|Publication number||US20050132122 A1|
|Application number||US 10/738,498|
|Publication date||Jun 16, 2005|
|Filing date||Dec 16, 2003|
|Priority date||Dec 16, 2003|
|Publication number||10738498, 738498, US 2005/0132122 A1, US 2005/132122 A1, US 20050132122 A1, US 20050132122A1, US 2005132122 A1, US 2005132122A1, US-A1-20050132122, US-A1-2005132122, US2005/0132122A1, US2005/132122A1, US20050132122 A1, US20050132122A1, US2005132122 A1, US2005132122A1|
|Original Assignee||Rozas Carlos V.|
|Export Citation||BiBTeX, EndNote, RefMan|
|Patent Citations (8), Referenced by (72), Classifications (9), Legal Events (1)|
|External Links: USPTO, USPTO Assignment, Espacenet|
The present invention relates to the field of computer security, and, more particularly to a method, apparatus and system for monitoring system integrity in a trusted computing environment.
Computer security is becoming increasingly important, especially in corporate environments where security breaches may cause significant damage in terms of down time, loss of data, theft of data, etc. Various technologies have been developed to protect computers from security breaches to varying degrees of success. These protection measures, however, are themselves susceptible to attacks and may be compromised by those who are sufficiently knowledgeable about the technology used.
The present invention is illustrated by way of example and not limitation in the figures of the accompanying drawings in which like references indicate similar elements, and in which:
Embodiments of the present invention provide a method, apparatus and system for monitoring system integrity in a trusted computing environment. Reference in the specification to “one embodiment” or “an embodiment” of the present invention means that a particular feature, structure or characteristic described in connection with the embodiment is included in at least one embodiment of the present invention. Thus, the appearances of the phrases “in one embodiment,” “according to one embodiment” or the like appearing in various places throughout the specification are not necessarily all referring to the same embodiment.
Embodiments of the present invention enable monitoring of system integrity in a trusted computing environment. For simplicity, the following description assumes that the trusted computing environment includes processors incorporating Intel Corporation's LaGrande Technology (“LT™”) (LaGrande Technology Architectural Overview, published in September 2003) but embodiments of the invention are not so limited. Instead, various embodiments may be practiced within other similar trusted computing environments and any reference herein to “LT” and/or “LT platforms” shall include any and all such other environments. Additionally, only certain LT features are described herein in order to facilitate an understanding of embodiments of the present invention. LT may include various other features not described herein that are well known to those of ordinary skill in the art.
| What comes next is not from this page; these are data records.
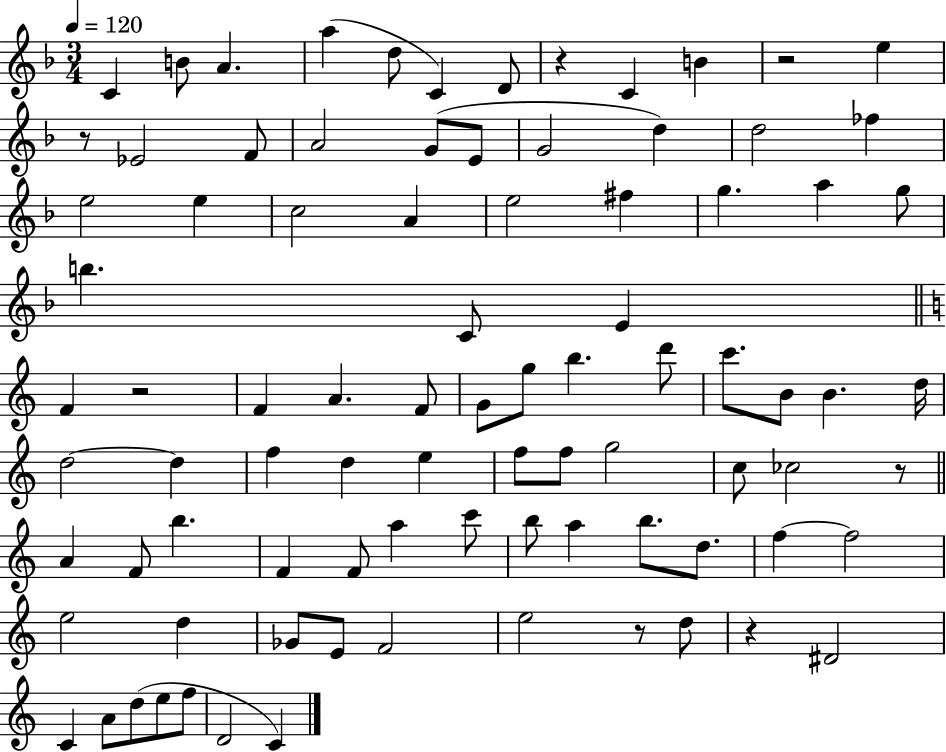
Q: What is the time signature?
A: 3/4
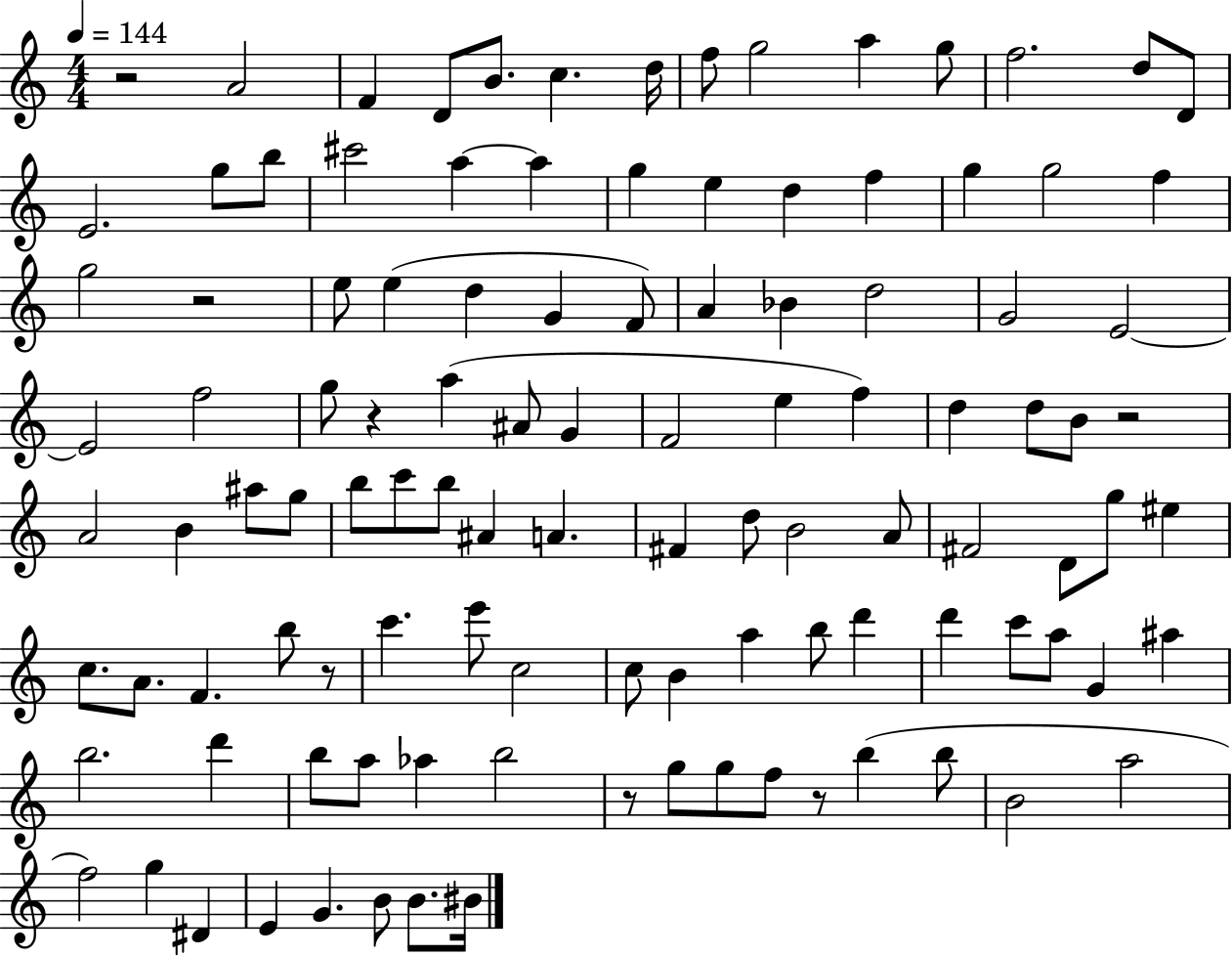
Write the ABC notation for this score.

X:1
T:Untitled
M:4/4
L:1/4
K:C
z2 A2 F D/2 B/2 c d/4 f/2 g2 a g/2 f2 d/2 D/2 E2 g/2 b/2 ^c'2 a a g e d f g g2 f g2 z2 e/2 e d G F/2 A _B d2 G2 E2 E2 f2 g/2 z a ^A/2 G F2 e f d d/2 B/2 z2 A2 B ^a/2 g/2 b/2 c'/2 b/2 ^A A ^F d/2 B2 A/2 ^F2 D/2 g/2 ^e c/2 A/2 F b/2 z/2 c' e'/2 c2 c/2 B a b/2 d' d' c'/2 a/2 G ^a b2 d' b/2 a/2 _a b2 z/2 g/2 g/2 f/2 z/2 b b/2 B2 a2 f2 g ^D E G B/2 B/2 ^B/4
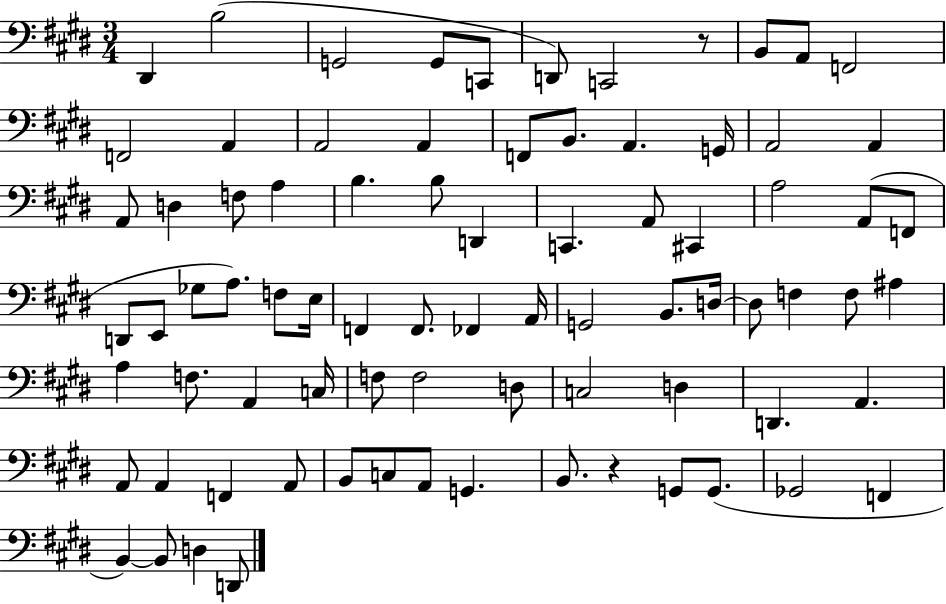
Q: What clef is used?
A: bass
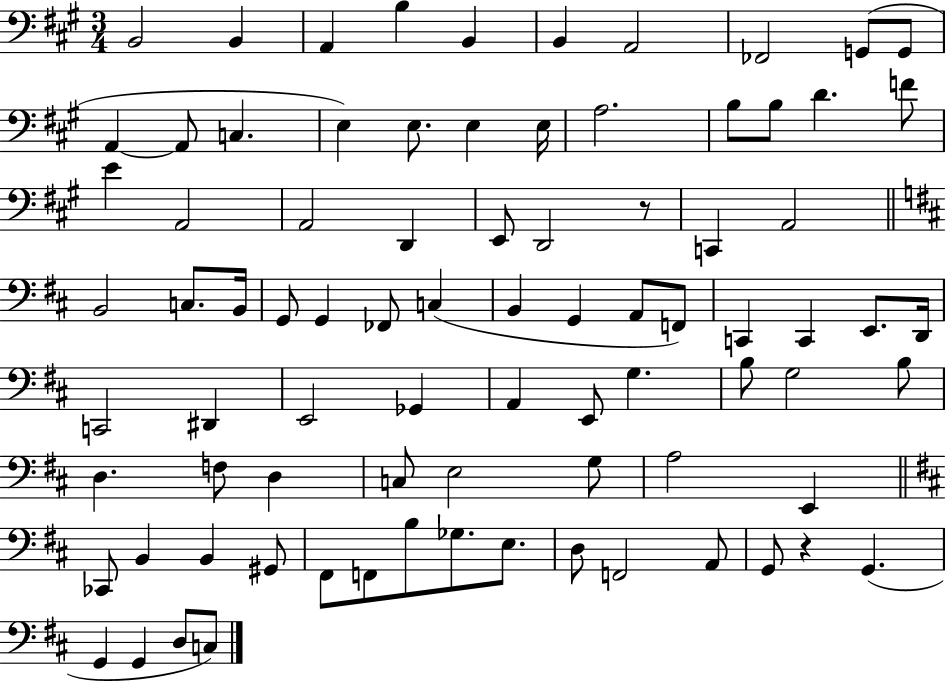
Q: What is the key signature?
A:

LT is designed to provide a hardware-based security foundation for personal computers (“PCs”), to protect sensitive information from software-based attacks. LT defines and supports virtualization, which allows LT-enabled processors to launch virtual machines (“VMs”), i.e., virtual operating environments that are isolated from each other on the same PC. Virtual machines are well known to those of ordinary skill in the art and further description thereof is omitted herein in order not to unnecessarily obscure embodiments of the present invention. LT defines and supports two types of VMs, namely a “root VM” and “guest VMs”. In an LT environment, the root VM runs in a protected partition and typically has full control of the PC when it is running and may enable creation of various virtual operating environments, each seemingly in complete control of the resources of the PC.
LT provides support for virtualization with the introduction of a number of elements. More specifically, LT includes a new processor operation called Virtual Machine Extension (VMX), which enables a new set of processor instructions on PCs. VMX enables two kinds of control transfers, called “VM entries” and “VM exits”, managed by a new structure called a virtual-machine control structure (“VMCS”). A VM exit in a guest VM causes the PC's processor to transfer control to a root entry point determined by the controlling VMCS. The root VM thus gains control of the processor on a VM exit and may take action appropriate in response to the event, operation, and/or situation that caused the VM exit. The root VM may then return to the context managed by the VMCS via a VM entry.
In one embodiment of the present invention, an integrity monitor may run in a protected partition (e.g., the root VM) on a host. The integrity monitor may be capable of monitoring the software running in the guest VMs. Typically, the root VM has no knowledge of the software in the guest VMs. Instead, the root VM may only perform resource allocation for the guest VMs and take action in response to events, operations and/or situations that cause VM exits (which cause the processor to transfer control to the root VM). According to an embodiment of the present invention, however, the root VM may include an integrity monitor capable of monitoring the software on the guest VMs and taking appropriate action if the software, and most critically the operating system, is deemed to be compromised in any way.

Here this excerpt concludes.